## Task instructions
Taking the line with "Beagle Unisex T-shirt - L & M Kee, LLC" as the first and the line with "Lithium battery-powered brushless" as the last, set down exactly every line in that range from the entries below, and no more.

## Material provided
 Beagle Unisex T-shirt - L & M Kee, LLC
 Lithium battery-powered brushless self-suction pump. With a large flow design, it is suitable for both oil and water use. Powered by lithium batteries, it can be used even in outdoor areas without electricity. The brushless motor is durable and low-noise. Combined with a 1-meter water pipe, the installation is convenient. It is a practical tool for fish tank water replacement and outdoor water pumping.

...

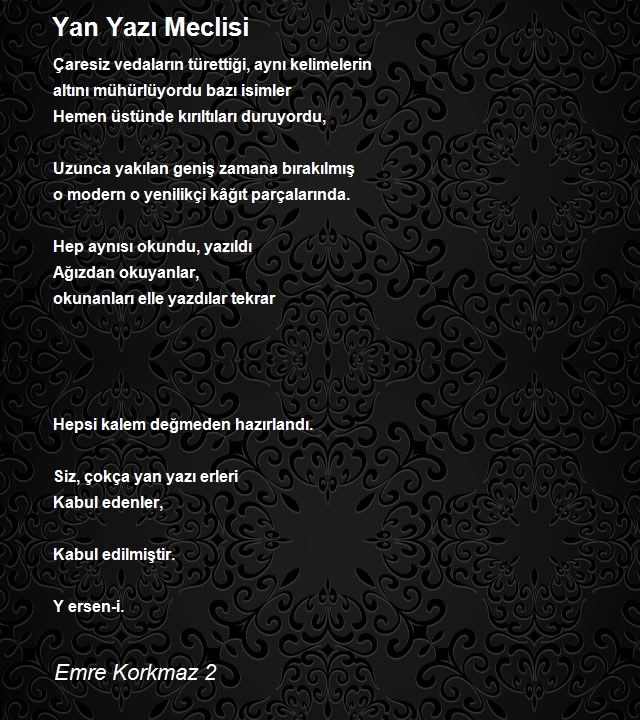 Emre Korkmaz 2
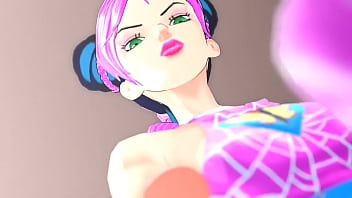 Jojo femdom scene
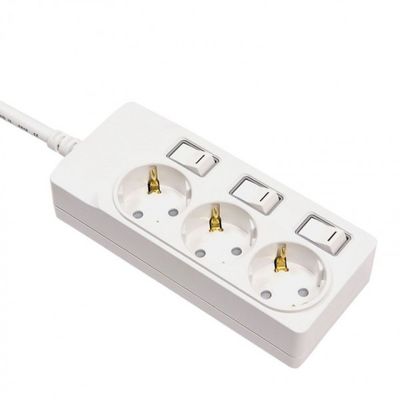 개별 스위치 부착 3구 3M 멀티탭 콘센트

## Exercise result
 Beagle Unisex T-shirt - L & M Kee, LLC
 Lithium battery-powered brushless self-suction pump. With a large flow design, it is suitable for both oil and water use. Powered by lithium batteries, it can be used even in outdoor areas without electricity. The brushless motor is durable and low-noise. Combined with a 1-meter water pipe, the installation is convenient. It is a practical tool for fish tank water replacement and outdoor water pumping.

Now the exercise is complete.